Lesung zu Günter Grass

Elke Nußbaum ist zur zweiten Lesung des Literaturkreises 2020 in die Bibliothek gekommen. Und diesmal war es kompliziert.

Kompliziert war es, das Leben von Günter Grass. Und Elke Nußbaum machte es 24 Literaturbegeisterten nicht einfach. Im Gegenteil: So voller Sprünge, wie das Leben des Literaturnobelpreisträgers war, so sprunghaft ging es auch durch den Vortrag in den Erinnerungen an sein Leben und Werk.

Die Brüche vieler deutscher Biografien wurden in Günter Grass‘ Leben besonders deutlich. Ein Leben, das mit 87 Jahren über den zweiten Weltkrieg, den Wiederaufbau, die Teilung und Wiedervereinigung Deutschlands bis ins neue Jahrtausend reichte.

Familie, Kirche und Herkunft

Als Sohn einer Katholikin und eines Protestanten, einer Kaschubin und eines Deutschen, wuchs er in Danzig in kleinbürgerlichen Verhältnissen auf.
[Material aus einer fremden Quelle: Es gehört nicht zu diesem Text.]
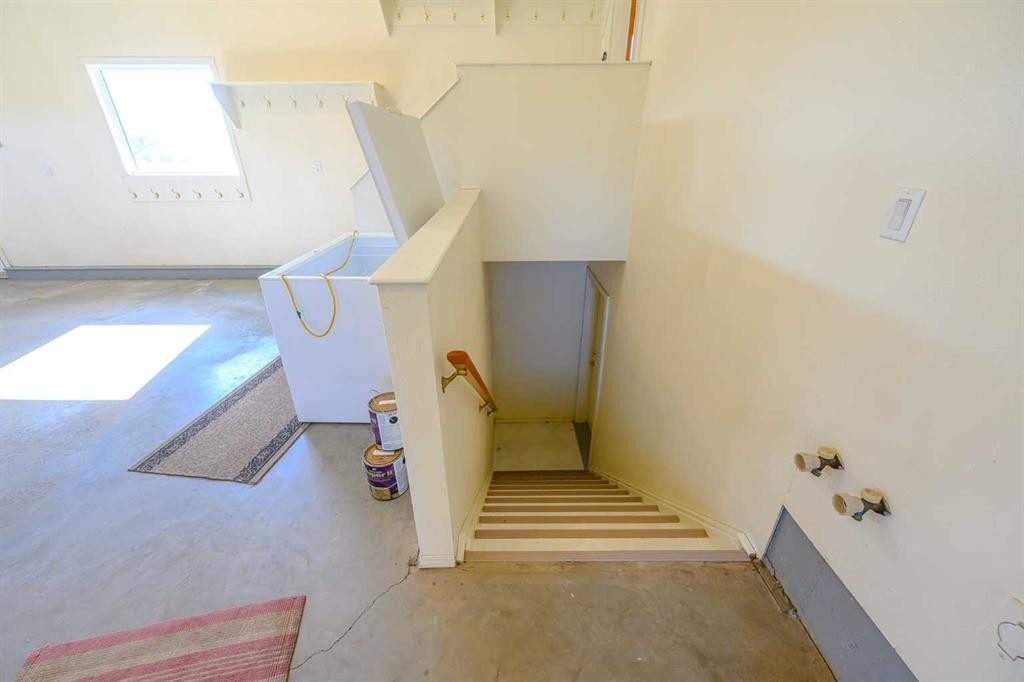 723060 Range Road 62, Clairmont, AB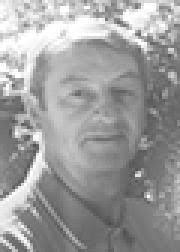 Thomas Doan Obituary (2016)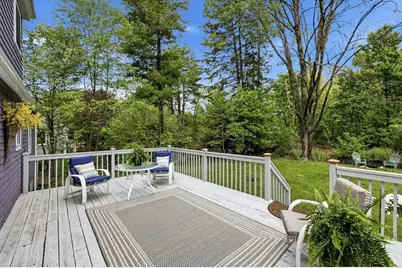87 Harlow Dr, Amherst, MA 01002 - Photo 29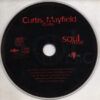 Curtis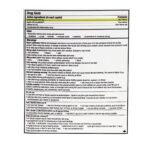 Excedrin Extra Strength Caplets Display Box 25ct - Image 3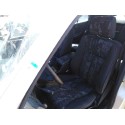 MERCEDES-BENZ CLASE E (W210)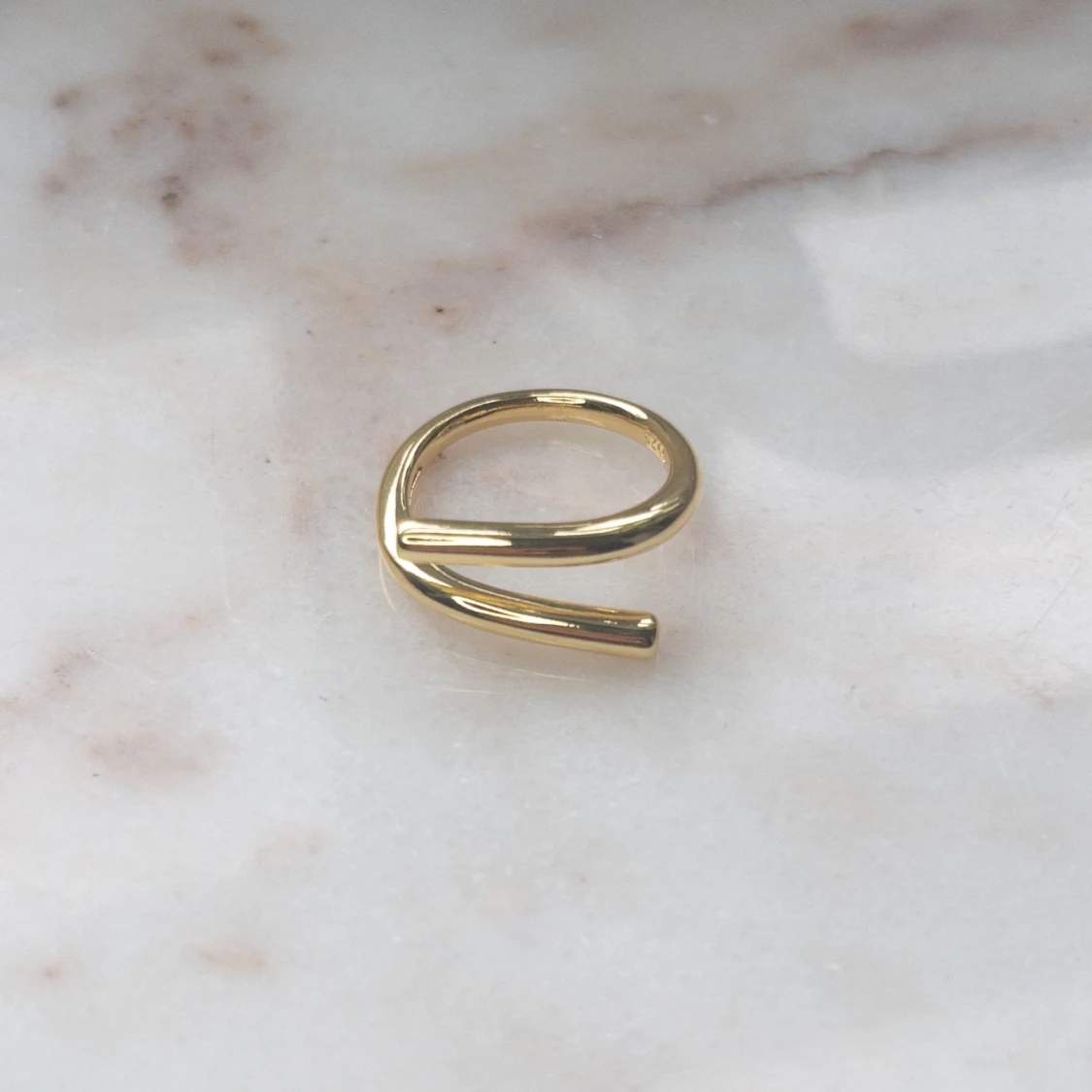 Ring från Yomie - 90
Gegen den Wunsch des Vaters wollte er Künstler werden, was das Verhältnis zu ihm zeitlebens belastete.

Wenn die Milch gerinnt und säuert,
strafen unverrückbar Blicke,
weil sein Blick die Milch gesäuert.

Auszug: Günter Grass: „Der Vater“, „Lyrische Beute. 140 Gedichte aus fünfzig Jahren“
Vertriebener und dadurch Getriebener

Nach dem Krieg kurz in Düsseldorf und dann in Berlin, am Ende dann nahe Lübeck lebend, war er Zeit seines Lebens stets eines: aus Danzig Vertriebener und dadurch getrieben, zur Versöhnung nach dem Krieg beizutragen. Er wurde 1993 Ehrenbürger der Stadt Danzig und sein Werk thematisiert immer wieder seine Geburtsstadt. Dabei enttarnt und entmythologisiert er immer wieder die Nazi-Ideologie während der NS-Zeit und danach. Seinen Heimatverlust verarbeitet er zeitlebens in seinem Werk.

Wir treffen uns, schlage ich vor, wo der Strießbach in die Radaune fließt und die Radaune in die Mottlau fließt und die Mottlau in die Weichsel fließt und alle Wasser zusammen ins baltische Meer münden.

Günter Grass, „Der Butt“
Willy Brandts Wahlkämpfer, nachdem er doch Waffen-SS-Angehöriger war

Im Krieg hatte er sich als 15-Jähriger freiweillig bei der Wehrmacht gemeldet. Nach Einsätzen als Luftwaffenhelfer und im Reichsarbeitsdienst, wobei er eigentlich zur U-Boot-Flotte wollte, wurde er Ende 1944 zur Waffen-SS einberufen. Eine Tatsache, die er bis 2006 öffentlich verschwieg und die dann zu kritischer Auseinandersetzung vor allem mit dem Leben, aber weniger mit dem Werk Grass‘ führte. Dennoch, oder vielleicht gerade deshalb war Grass immer ein politisch engagierter Mensch, der sich in drei Wahlkämpfen für die SPD und Willy Brandt einsetzte, ohne währenddessen jedoch Mitglied zu sein. Später trat er in die „Es-Pe-De“, so eines seiner Plakate, ein und wieder aus, so wie er auch aus der Kirche austrat: oft als Zeichen für oder gegen eine Sache, mal gegen den Asylkompromiss, die Atomkraft, den NATO-Doppelbeschluss oder für die Abschaffung des Paragrafen 218 und der 5%-Klausel. Auch sonst hielt er sich nicht raus: für Schwulen- und Lesbenrechte, gegen den ADAC, für ein Bleiberecht der Sinti und Roma.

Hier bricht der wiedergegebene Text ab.